Despite the factual foundation for an estoppel, DiMauro presses the equitable defense of unclean hands to prevent the application of this doctrine of equity. The principle of unclean hands is usually applied only to prevent affirmative relief, because of some fraud or deceit relating to the matter in issue. See Precision Instrument Manufacturing Co. v. Automotive Maintenance Machinery Co., 324 U.S. 806, 65 S.Ct. 993, 89 L.Ed. 1381 (1945); cf. McGrath v. Hiiding, 41 N.Y.2d 625, 394 N.Y.S.2d 603, 363 N.E.2d 328 (1977). The fraud on which DiMauro bases her defense is the defendants’ alleged violation of the injunction against proceeding with the administration of the estate of Orazio DiMauro. It is not clear that such a fraud would pertain to the retention of securities at the behest of the beneficiary here. But the issue need not be resolved, since it has already been decided that the defendants did not act fraudulently in closing the estate in the Surrogate’s Court.

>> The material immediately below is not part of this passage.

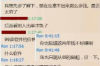 讨债的父母什么意思？揭秘债务问题背后的家庭困境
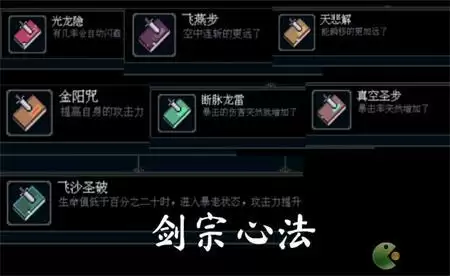 黑白魂刃心法属性及道具搭配大全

DiMauro is therefore estopped to pursue the claims presented in Counts Three, Six, Seven, Nine, and Ten. The estoppel also extends to any claims included in Counts Thirteen and Fourteen that Pavia failed to act faithfully as administrator, and that Pavia & Harcourt failed to advise the administrator with proper care, by virtue of the retention of Harvey’s Stores stock.

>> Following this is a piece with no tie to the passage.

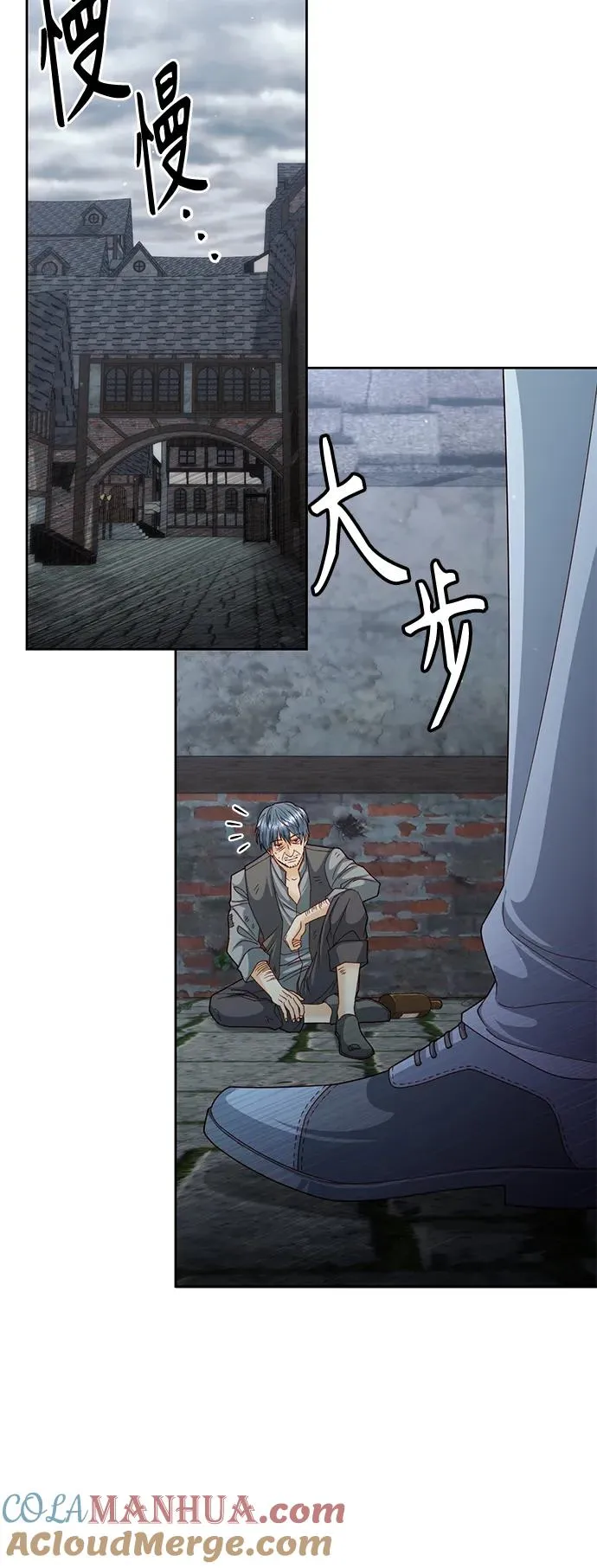 第161话30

Mootness and Failure to State a Claim

The defendants have moved for summary judgment on Counts One, Two, and Eleven, asserting that the claims presented there have become moot since this action was begun. Count One complains of Pavia’s failure to distribute to DiMauro the assets of the estate remaining after satisfying claims- and expenses, pursuant to the order of the Bridgeport Probate Court. Since those assets have in fact been distributed, albeit after considerable dispute between the parties and after further order of this Court on June 12, 1975, the claims presented in Count One have become moot. The fact that the sum of $47,000 was withheld from distribution, as allowed in the latter order, does not alter this result. The final account to the Probate Court included the $47,000 in administrator’s commissions and lawyer’s fees as claims against the estate. Thus, the net amount available for distribution to DiMauro never included that disputed sum.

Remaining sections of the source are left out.